WRC50: the show must go on

Copertina RS rallyslalom maggio 2022

C’è un sottile confine, si chiama pudore, tra il “minimizzare” alcuni personaggi ed eventi che hanno condizionato la storia, oppure arrivare a nasconderli “come la sporcizia sotto il tappeto”. Superare spudoratamente questo confine conferma che l’ignoranza è un male diffuso soprattutto ai piani alti del nostro sport. Chi nega la storia lo fa con l’intento specifico di cancellare ciò che è stato scritto con gesti eroici e in alcuni casi estremi. Lo sanno tutti che “motorsport is dangerous” al pari di “life is dangerous” e che nei rally ogni tanto si muore, proprio come si muore di infarto per strada, o battendo la testa in una caduta dagli sci, o peggio dopo aver pagato un biglietto per salire su una funivia che aveva bisogno di manutenzione. In ogni caso, le statistiche ci dicono che i rally sono lo sport meno pericoloso… Perché questa premessa un po’ bacchettona? Perché ho notato che i festeggiamenti del 50° anniversario del WRC sono serviti a sancire una definitiva divisione tra alcuni grandi campioni dei rally, come Sandro Munari (Coppa FIA Piloti, “madre” del WRC Piloti) e Markku Alén (campione del mondo rally per 11 giorni), e altri campioni, come i presenti Sebastien Ogier, Sebastien Loeb e Ott Tanak, Carlos Sainz, Ari Vatanen, Miki Biasion, Marcus Gronholm Petter Solberg e kaiser Walter Rohrl. Un errore enorme, perché il WRC deve la sua esistenza ai rally. Senza i rally non ci sarebbe stato bisogno di inventare un Campionato del Mondo.

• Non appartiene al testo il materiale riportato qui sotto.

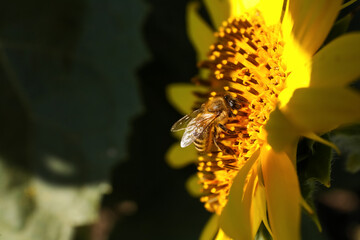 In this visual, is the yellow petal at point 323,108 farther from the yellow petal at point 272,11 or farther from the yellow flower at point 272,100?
the yellow petal at point 272,11

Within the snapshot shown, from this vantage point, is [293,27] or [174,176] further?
[174,176]

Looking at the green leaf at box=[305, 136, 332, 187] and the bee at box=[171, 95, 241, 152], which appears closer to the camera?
the green leaf at box=[305, 136, 332, 187]

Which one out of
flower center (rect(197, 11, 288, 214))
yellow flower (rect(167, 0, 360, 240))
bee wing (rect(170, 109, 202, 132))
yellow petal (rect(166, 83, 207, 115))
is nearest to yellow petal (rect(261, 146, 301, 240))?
yellow flower (rect(167, 0, 360, 240))

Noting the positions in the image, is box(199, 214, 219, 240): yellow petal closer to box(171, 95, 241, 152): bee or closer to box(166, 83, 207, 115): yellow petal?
box(171, 95, 241, 152): bee

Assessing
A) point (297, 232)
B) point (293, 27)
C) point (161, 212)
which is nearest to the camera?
point (297, 232)

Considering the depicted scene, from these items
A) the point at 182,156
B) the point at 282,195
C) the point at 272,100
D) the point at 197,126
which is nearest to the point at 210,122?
the point at 197,126

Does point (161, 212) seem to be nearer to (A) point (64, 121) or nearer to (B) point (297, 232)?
(A) point (64, 121)

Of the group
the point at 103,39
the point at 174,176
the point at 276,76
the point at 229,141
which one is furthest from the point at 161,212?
the point at 276,76

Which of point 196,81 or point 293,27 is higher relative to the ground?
point 293,27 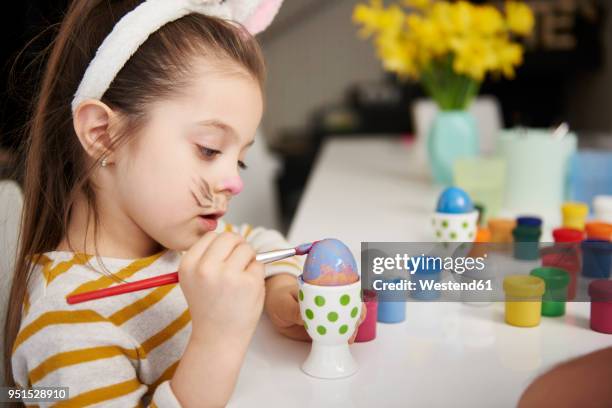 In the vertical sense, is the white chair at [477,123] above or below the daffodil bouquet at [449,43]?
below

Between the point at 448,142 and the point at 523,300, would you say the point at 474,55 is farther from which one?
the point at 523,300

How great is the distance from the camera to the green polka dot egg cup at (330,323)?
2.09 ft

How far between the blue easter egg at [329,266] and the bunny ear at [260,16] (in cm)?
32

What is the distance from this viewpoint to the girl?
60 centimetres

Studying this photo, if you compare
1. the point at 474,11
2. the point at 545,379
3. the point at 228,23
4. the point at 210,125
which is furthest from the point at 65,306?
the point at 474,11

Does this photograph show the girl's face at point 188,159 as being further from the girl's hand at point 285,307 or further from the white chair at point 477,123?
the white chair at point 477,123

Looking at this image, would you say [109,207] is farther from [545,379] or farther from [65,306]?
[545,379]

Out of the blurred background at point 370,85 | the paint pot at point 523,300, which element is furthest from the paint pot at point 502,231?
the blurred background at point 370,85

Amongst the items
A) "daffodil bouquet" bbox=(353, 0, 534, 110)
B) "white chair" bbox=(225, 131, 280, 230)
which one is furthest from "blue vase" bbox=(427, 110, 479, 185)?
"white chair" bbox=(225, 131, 280, 230)

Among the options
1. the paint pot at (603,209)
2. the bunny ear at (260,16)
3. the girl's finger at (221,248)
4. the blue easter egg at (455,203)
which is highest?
the bunny ear at (260,16)

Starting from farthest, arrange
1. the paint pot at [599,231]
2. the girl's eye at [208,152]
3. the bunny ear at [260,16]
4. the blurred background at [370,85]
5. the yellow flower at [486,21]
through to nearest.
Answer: the blurred background at [370,85]
the yellow flower at [486,21]
the paint pot at [599,231]
the bunny ear at [260,16]
the girl's eye at [208,152]

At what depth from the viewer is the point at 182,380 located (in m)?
0.60

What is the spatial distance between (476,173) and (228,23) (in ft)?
2.33

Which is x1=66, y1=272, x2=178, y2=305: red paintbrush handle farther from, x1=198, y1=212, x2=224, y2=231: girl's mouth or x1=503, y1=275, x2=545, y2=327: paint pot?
x1=503, y1=275, x2=545, y2=327: paint pot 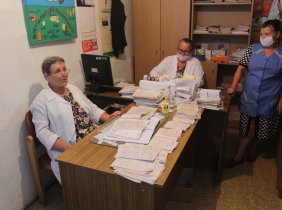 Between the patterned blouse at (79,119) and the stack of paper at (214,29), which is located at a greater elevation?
the stack of paper at (214,29)

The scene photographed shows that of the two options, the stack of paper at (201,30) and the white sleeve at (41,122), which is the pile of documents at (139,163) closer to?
the white sleeve at (41,122)

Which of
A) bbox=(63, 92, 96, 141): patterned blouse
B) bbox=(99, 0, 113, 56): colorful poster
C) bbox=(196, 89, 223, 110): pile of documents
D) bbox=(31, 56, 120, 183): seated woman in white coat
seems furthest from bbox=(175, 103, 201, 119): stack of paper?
bbox=(99, 0, 113, 56): colorful poster

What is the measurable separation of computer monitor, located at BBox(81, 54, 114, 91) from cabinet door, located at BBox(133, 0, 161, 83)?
4.24 ft

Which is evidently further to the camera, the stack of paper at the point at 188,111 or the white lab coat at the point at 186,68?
the white lab coat at the point at 186,68

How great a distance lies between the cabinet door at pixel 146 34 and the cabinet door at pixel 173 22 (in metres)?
0.09

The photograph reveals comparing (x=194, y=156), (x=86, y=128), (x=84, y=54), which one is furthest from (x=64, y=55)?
(x=194, y=156)

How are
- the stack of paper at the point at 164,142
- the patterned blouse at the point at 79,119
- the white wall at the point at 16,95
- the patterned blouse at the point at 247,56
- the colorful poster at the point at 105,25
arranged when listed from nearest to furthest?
the stack of paper at the point at 164,142, the white wall at the point at 16,95, the patterned blouse at the point at 79,119, the patterned blouse at the point at 247,56, the colorful poster at the point at 105,25

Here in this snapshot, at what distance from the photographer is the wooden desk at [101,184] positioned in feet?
4.57

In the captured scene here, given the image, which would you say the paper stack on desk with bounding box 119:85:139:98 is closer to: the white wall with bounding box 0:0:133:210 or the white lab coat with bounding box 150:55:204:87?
the white lab coat with bounding box 150:55:204:87

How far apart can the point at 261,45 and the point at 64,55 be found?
1.83 m

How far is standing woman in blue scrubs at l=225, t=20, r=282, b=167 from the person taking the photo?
2.34 meters

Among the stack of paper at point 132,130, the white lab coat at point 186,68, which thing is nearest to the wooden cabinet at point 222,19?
the white lab coat at point 186,68

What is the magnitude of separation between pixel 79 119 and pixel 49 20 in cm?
89

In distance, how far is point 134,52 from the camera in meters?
3.98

Inoltre, non si è sentita una citazione, un saluto, un grazie ad Attilio Bettega, Henri Toivonen e Sergio Cresto? In fondo, il loro tributo ha “solo” cambiato il corso dei rally e acceso i riflettori sulla sicurezza. Nulla di nulla. Qualcuno potrà, giustamente a livello “burocratico”, sostenere: ma Munari non ha mai vinto un Mondiale e Alén non fu mai ufficializzato campione. Tecnicamente parlando è giusto, se non fosse che il WRC Piloti è l’evoluzione della Coppa FIA e che Munari è amato in tutto il mondo. Quindi, non farne neppure cenno, non dedicargli un saluto e un ringraziamento, annoverandolo tra i padri fondatori di questo campionato è un gesto altezzoso di maleducazione. O peggio ignoranza, a posteri la scelta… E veniamo ad Alén. I fatti ci dicono che a fine stagione vinse il Mondiale Rally 1986, la classifica era sub-judice per i “fatti” di Sanremo e un tribunale, quello sportivo internazionale, decise di ribaltare l’esito. Sappiamo che, dietro a questa decisione, c’erano pesantissime pressioni di potenti studi legali, pronti a portare in giudizio nei tribunali ordinari francesi la federazione. Questa serie di eventi del 1986, ci fa capire il perché gli organizzatori della festa, la federazione, abbia preferito glissare su quell’annata e su quella precedente, finendo per dimenticare anche Bettega, Toivonen e Cresto. Perché in fondo bisogna dimenticare quella “maledetta” stagione 1986, bisogna fare dimenticare a tutti che nei rally di quell’anno sono successe disgrazie annunciate sin dal Rally del Portogallo, in cui piloti e navigatori scioperarono denunciando la pericolosità delle nuove auto, delle regole della FISA (poi FIA) fatte senza criterio e senza interpellare chi quelle auto poi doveva guidarle in gara, e delle gestione del pubblico.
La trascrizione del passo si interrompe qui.